With the line containing "PTUN Medan Berkas" as the final line, restate exactly every line of the data below from the first one onward, and copy no pictures.

Exercise data:
******************************

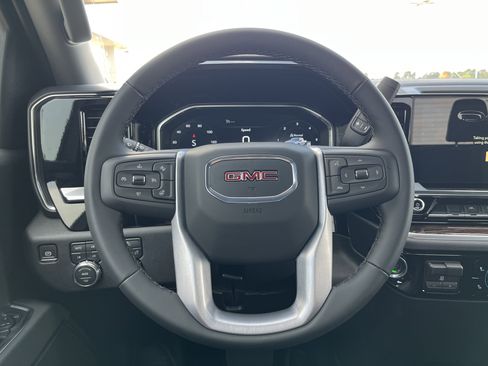 New 2026 GMC Sierra 1500 Elevation image 7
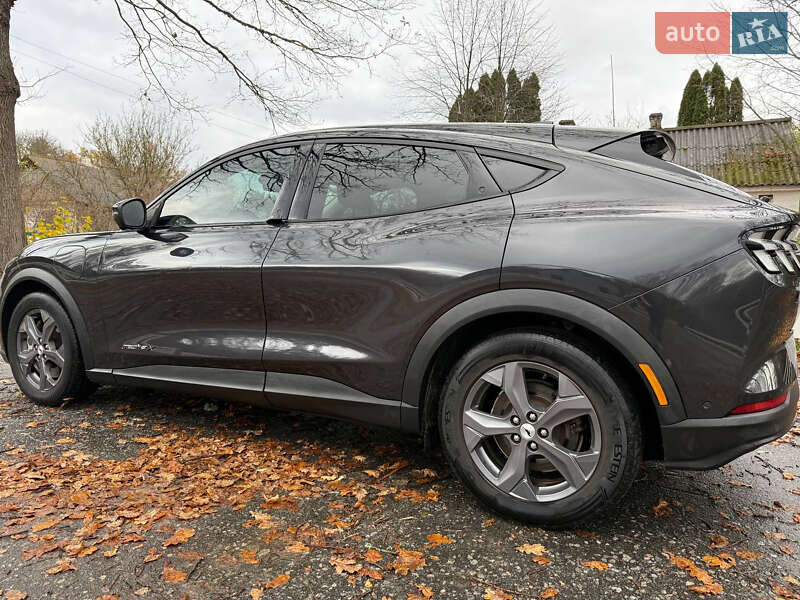 Позашляховик / Кросовер Ford Mustang Mach-E 2022 в Звягелі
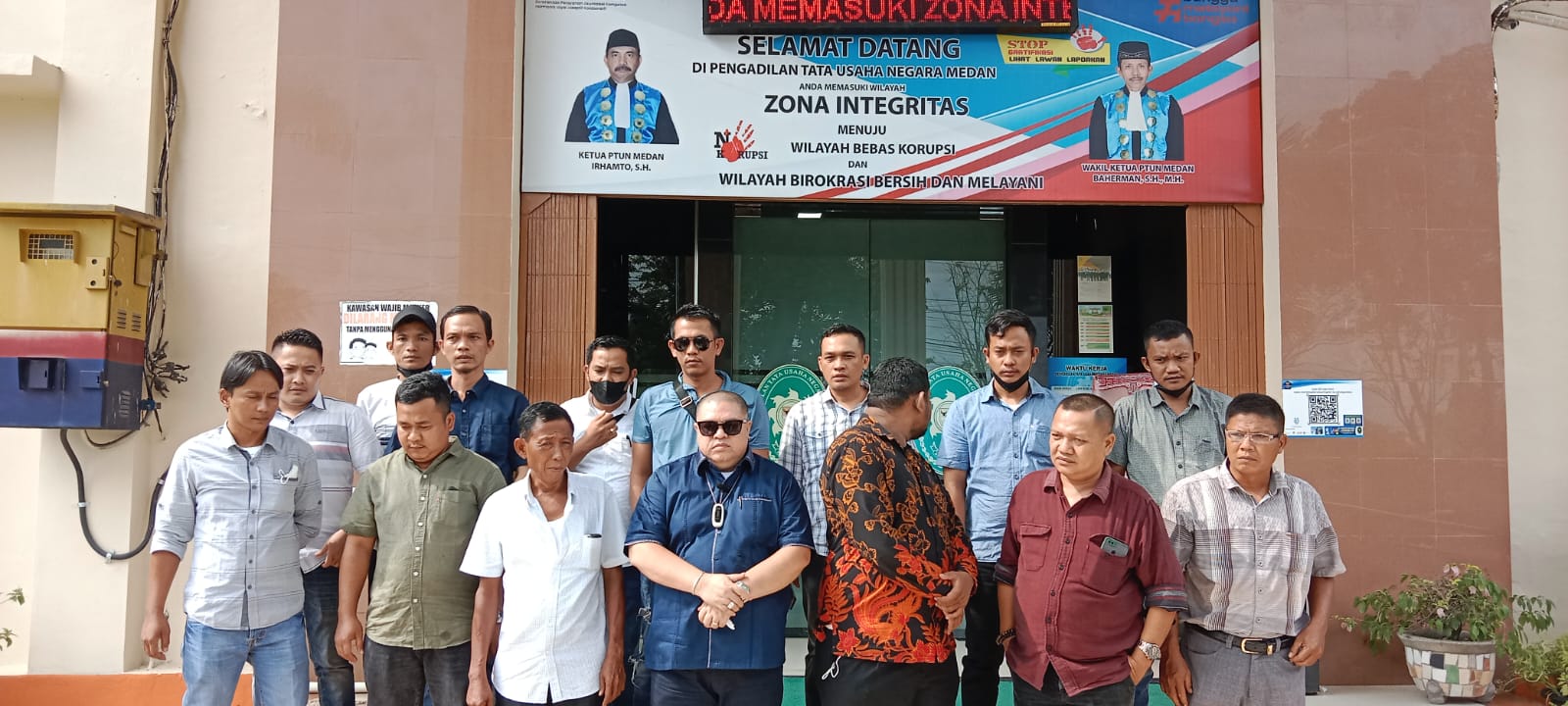 Berkas gugatan Bupati Palas nonaktif terhadap Gubsu diterima PTUN Medan Berkas gugatan Bupati Palas nonaktif terhadap Gubsu diterima PTUN Medan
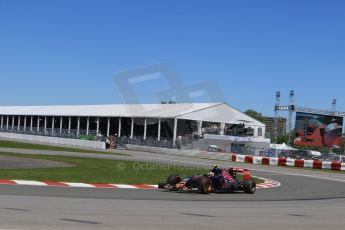 World © Octane Photographic Ltd. Scuderia Toro Rosso STR10 – Carlos Sainz Jnr. Saturday 6th June 2015, F1 Canadian GP Qualifying, Circuit Gilles Villeneuve, Montreal, Canada. Digital Ref: 1296CB7D1019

******************************

Written response:
 New 2026 GMC Sierra 1500 Elevation image 7
 Позашляховик / Кросовер Ford Mustang Mach-E 2022 в Звягелі
 Berkas gugatan Bupati Palas nonaktif terhadap Gubsu diterima PTUN Medan Berkas gugatan Bupati Palas nonaktif terhadap Gubsu diterima PTUN Medan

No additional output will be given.